Salesforce.com, Inc. (CRM) Joins Alphabet Inc, Apple Inc. in Renewable Energy Investment

Salesforce

Salesforce.com, Inc. (NYSE:CRM) has entered into a virtual wind power purchase deal that will see it buy 125,000 MW/h of electricity annually for its West Virginia data center. Save for it being a virtual power purchase agreement, the deal is reminiscent of renewable energy investments by Alphabet Inc (NASDAQ:GOOG) (NASDAQ:GOOGL) and Apple Inc. (NASDAQ:AAPL).

Details are currently scant about which provider Salesforce is buying the wind power from and where exactly the project is located. However, it is understood that the virtual power purchase deal means that Salesforce will not directly use the wind power in its data center. Instead, the power will be injected into the local grid that serves the company’s West Virginia data center.

Wind power broker format
The agreement calls for Salesforce.com, Inc. (NYSE:CRM) to buy 250,000 MW/h of wind electricity from the undisclosed provider at a fixed price over a period of 12 years. It will be like Salesforce buying the wind power at a wholesale price and selling to utilities that supply power to its data center.

The reason Salesforce.com, Inc. (NYSE:CRM) has been forced to enter a virtual power purchase deal is that the company doesn’t own the data centers it uses. Instead, it rents space from commercial data center operators. That makes it difficult for the company to directly wire solar or wind power to run its data centers. However, the virtual power purchase agreement allows the company to reduce the amount of unclean energy credited to its data centers.

100% clean energy operation
Salesforce is in the process of converting all its operations to clean energy at an unspecified date. However, the company targets to make its footprint be carbon neutral by 2050.

The renewable energy investment format that Salesforce.com, Inc. (NYSE:CRM) has adopted is different from that used by Alphabet, Apple and techs investing in clean energy. For the most part, Amazon and Apple invest in clean power projects that directly impact their operations.

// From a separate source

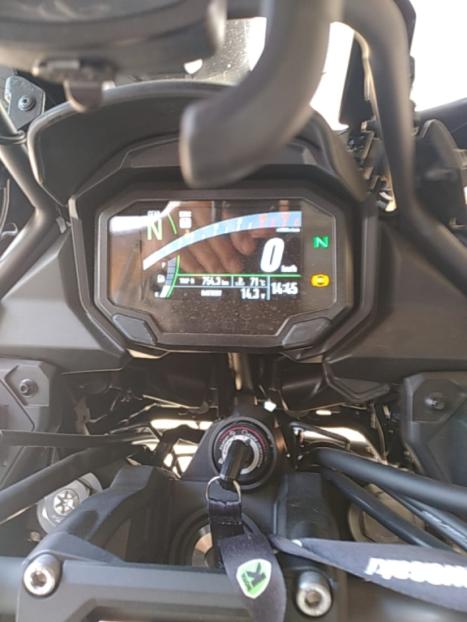 KAWASAKI Versys Tourer 650 , Foto 5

Tackling adverse climate changes
Regardless of the strategy used, Salesforce.com, Inc. (NYSE:CRM)’s move adds to the efforts to ditch unclean energy for clean energy. Adoption of renewable power from sources such as wind, solar and fuel cell are important in controlling adverse climate change. A recent climate convention in Paris, France, adopted more robust measures to reduce global warming.